Earlier I said that the quotation from the Royal Commissioners' fourth report is of interest for two reasons. The first is its discussion of the game with pistols. The second is its discussion of the nature of the questions which arise and the role of the jury in reckless murder cases. The texts cited above give the impression that, as a matter of law, it is probable that death or grievous bodily harm will result from the act of pointing a revolver at another person's body and pulling the trigger after spinning a cylinder containing one cartridge. Similarly, the Commissioners, in their fourth and seventh reports, appear to assert, as a matter of law, that pulling the trigger in the examples which they give of playing with pistols is dangerous to life in the necessary sense so that if the actor has knowledge of the danger he will be a murderer if death results. On the other hand, the Commissioners are at pains to emphasise that, as it is put, for example, at p.24 of the fourth report, "probability of loss of life from doing the act" and "the knowledge of that probability on the part of the offender" are to be "determined in fact".
As Barwick, C.J. said in Gammage v. R. (1969) 122 C.L.R. 444 at 451, "it is for the jury to be satisfied of the elements of the murder charged and not for the presiding judge". When text writers describe a game like Russian roulette as dangerous, they are not gainsaying the role of the jury. They are seeking to convey that a reasonable jury, properly instructed, should find that the necessary element of danger existed in such a case. To make the process of reasoning more explicit, they are asserting a proposition of law, namely, that "probable" as contrasted with "possible but not likely" (Crabbe at 469-70) means a substantial, or real and not remote, chance, whether or not it is more than 50 per cent (Boughey at 21 per Mason, Wilson and Deane, JJ.) and saying that accordingly in the case put a reasonable jury should regard the chance as substantial.

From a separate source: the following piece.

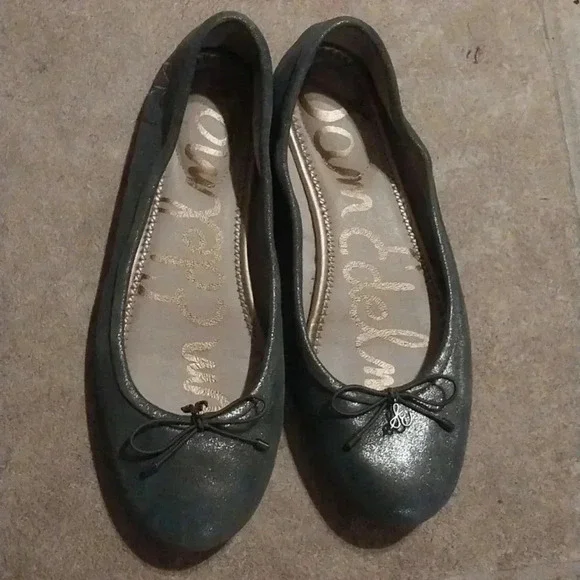 Sam Edelman Iridescent Felicia Rounded Ballet Flat Size 7.5W - Picture 2 of 8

The present case is not, according to the applicant, one of a single pulling of the trigger. The only evidence of the playing of a game is that afforded by the admissions of the applicant himself, and that includes admissions that it had been agreed that they should pull the trigger no more than twice each and that the revolver discharged when the trigger was pulled the fourth time. It may be that on the re-trial the danger as opposed to the knowledge of it will again be conceded. There might be some practical, if not theoretical, difficulty, in the accused man's accepting that the jury should find the dangerous act necessary for manslaughter while disputing that the dangerous act necessary for reckless murder should be found. Compare Wilson v. R. (1992) 174 C.L.R. 313 at 333 per Mason, C.J., Toohey, Gaudron and McHugh, JJ. and at 339-40 per Brennan, Deane and Dawson, JJ. I would not expect a jury to have any difficulty in concluding, on the evidence placed before it last November, that the applicant's act was dangerous in the sense necessary for reckless murder. This is on the assumption that they were not satisfied that the game was an invention.
On the re-trial if it is not conceded by the accused that it was probable that death or grievous bodily harm would result from his act, the directions of law given to the jury on this point could be quite short. The judge should direct them in accordance with Crabbe, as explained in Boughey.
WINNEKE, P.:
I agree, for the reasons given by Brooking, J.A., that this application must be allowed and a new trial had.
ORMISTON, J.A.:
I likewise agree.
WINNEKE, P.:
The formal order of the Court will be that the application for leave to appeal against conviction is allowed. The appeal is treated as having been heard simultaneously with that application and it too is allowed. The conviction recorded is quashed. The Court directs that a new trial be had on the charge of murder.
The Court will place on its record the notice of abandonment of application for leave to appeal against sentence signed by the applicant today.